Huge opportunity for Cambridge driver

Hayden Paddon (left) and Malcolm Peden (right) celebrated victory at round two of the NZ Rally Championship in Whangarei. Photo – Geoff Ridder.

When renowned rally driver Hayden Padden produced a clear win at the second round of the New Zealand Rally Championship in Whangarei last weekend, he did so with a Cambridge man by his side, co-driver Malcolm Peden.

“It was a very cool experience, second to none,” Peden said on Monday last week, after the team finished 7 minutes and 26.3 seconds ahead of their nearest rival, Auckland’s Ben Hunt and Tony Rawstorn.

“It’s just an unbelievable result, to be able to be that much faster,” said Peden. “On one of the stages we were so much faster Hayden asked, ‘are you sure the time’s right?’.

“It’s not every day that you get the opportunity to go from national New Zealand level to and co-driving with the level of a world rally championship driver… It’s mind-blowing how much faster it is.”

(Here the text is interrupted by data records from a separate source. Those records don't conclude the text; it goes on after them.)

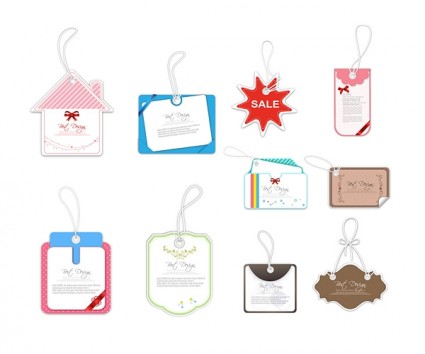 425x354 Sales Tag Vector Cute Label Vector Free Vector Download In .ai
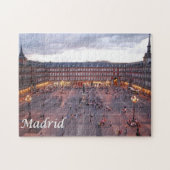 Spanje - Madrid - Mayor Square - Legpuzzel (Horizontaal)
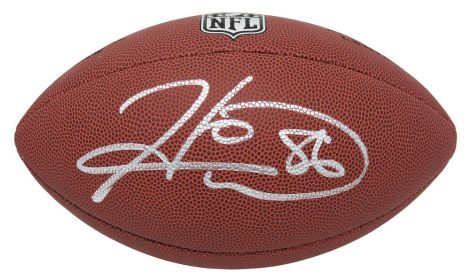 Hines Ward Signed Wilson Limited Full Size NFL Football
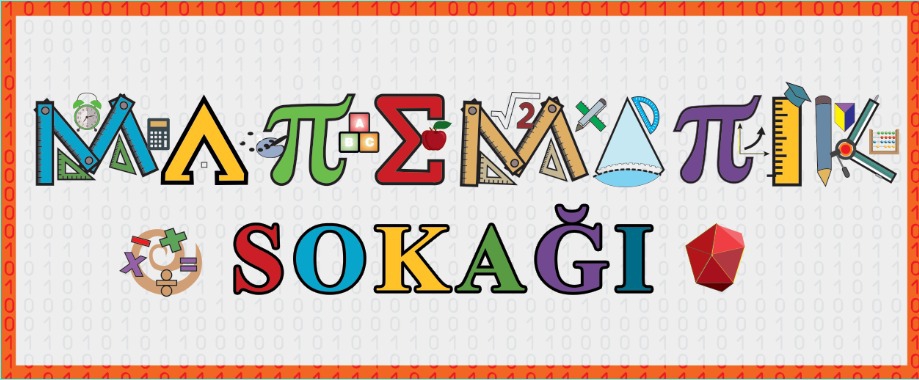 Matematik Sokağı Tabelası 3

Peden has spent most of the last ten years co-driving in the national championship, spending the last two years managing the team that won last year’s round, Force Motorsport with Auckland driver Andrew Hawkeswood.

Peden “jumped at the opportunity” when the 2011 world champion selected him for the role, having received hundreds of applications from around the world. The pair have known each other for a number of years, and Paddon wanted to give the opportunity to a New Zealand-based co-driver after his usual man John Kennard recently had hip surgery, and his world championship co-driver Seb Marshall also wasn’t available.

“I have done a couple of rallies overseas before, but never at the level that he competes at,” Peden said. “He just goes so much faster through the corners… the level of detail in his notes is just way above anything else in NZ, and a lot of the drivers in the world championships. So it’s a big step up really, and the speed, it’s just very, very fast.”

Hayden Padden and co-driver Malcolm Peden race through the Whangarei track in Paddon’s Hyundai i20.

Peden had the all-important role of being Paddon’s extra set of eyes and ears over more than ten hours of racing, preparing him with precise details of each coming corner and curve of the race – quite a challenge while travelling at 190kmph, driving over gravel and sometimes slippery surfaces.

“It’s trying to read as fast as you can to get it to him, so that we don’t go off the road basically,” Peden said.

The 29 cars raced through a few showers over the weekend, but the worst of the weather saw heavy fog set in on Saturday morning, claiming one driving team that had to drop out after crashing into a ditch.

During that first stage was the winning pair’s closest call, when they thought a corner was further away than it actually was. “Hayden thought he saw the corner further up, and it wasn’t until we were actually in the corner that he realised we were in it, so that was a bit of a moment for us! But he’s got the skill to gather it up and get it around the corner.”

The wet-ish weather meant Paddon didn’t have the grip he’d hoped for to beat his own stage records at the event, but the seven-minute lead was enough for Peden.

During the final round on Sunday, Paddon’s Hyundai i20 managed to lift all four wheels off the ground, jumping at about 185kmph as a corner neared them just 150 metres away.

“He sets the car up so that he actually unbalances it, or throws the car sideways before the corner, to drive around it. So it’s a very aggressive style, but it clearly works for him,” said Peden. “I wasn’t worried at any stage during the rally, because that’s what he does for a job.”

Peden will now return to co-driving with the Campbell motorsport team, set to compete in round 3 of the national rally championship in early June.